Jerry lodged a complaint with South Western Ambulance Service (SWAS), while at Kenneth’s inquest in April the coroner granted permission for them to see the emergency call transcripts, which show how Kenneth was repeatedly given meaningless assurances that help was on its way.
Kenneth’s cause of death was given as ‘a very large’ bleed on the brain, which a consultant told his sons was ‘unsurvivable’
In a statement, Gloucestershire Hospitals NHS Foundation Trust’s medical director, Professor Mark Pietroni, said: ‘Our health and care system in Gloucestershire, and nationally, remains under intense pressure and continues to face significant challenges in response to unrelenting demand.
‘The emergency departments at Cheltenham and Gloucester are constantly busy and the team work tirelessly to ensure people are cared for . . . We work very closely with our colleagues in the ambulance service to reduce handover delays to ensure ambulances are available as quickly as possible to respond to 999 calls.’
Jenny Winslade, executive director of quality and clinical care for the SWAS NHS Foundation Trust, said: ‘I would like to offer my sincere condolences to the family and friends of Mr Shadbolt.
‘Our whole health and social care system has been under sustained pressure for many months now, meaning patients are having to wait longer for an ambulance than they would expect.

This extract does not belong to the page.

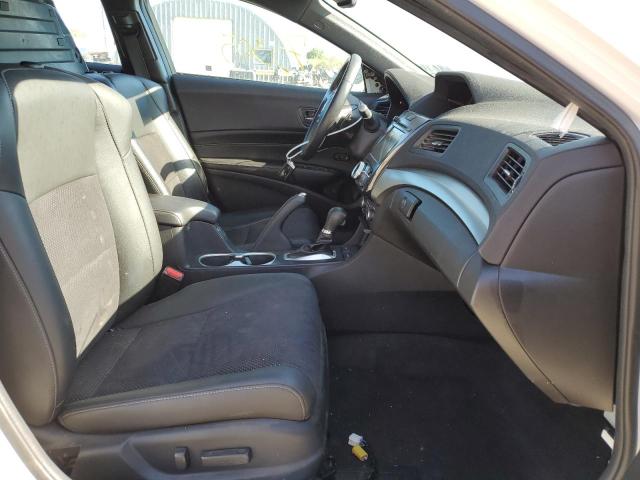 Photo 5 from auction – 2016 ACURA ILX PREMIU with VIN 19UDE2F87GA004256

‘Our performance has not returned to pre-pandemic levels, partly due to handover delays caused by capacity issues in hospitals and in community and social care. This means it’s currently taking us too long to get an ambulance to patients. This is a risk which we recognise is unacceptable.
‘We continue to work on a daily basis with our partners to ensure our crews can get back out on the road as quickly as possible, to respond to other 999 calls.’

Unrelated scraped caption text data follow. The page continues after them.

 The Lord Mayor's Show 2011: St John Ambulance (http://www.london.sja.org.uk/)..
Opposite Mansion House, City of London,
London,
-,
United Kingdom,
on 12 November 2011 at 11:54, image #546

Such words are of little comfort to Russell, who says: ‘I’m sure dispatchers are exhausted and overwhelmed but their responses were misleading — they were giving assurances that had no substance. In that situation you don’t want platitudes, you want action.’
All the brothers are exasperated that common sense did not prevail. ‘If they know they can’t get someone in time they need to be clear,’ Jerry says. ‘They should be telling that person to get someone and, if they can’t, the dispatcher should contact police, or a local GP.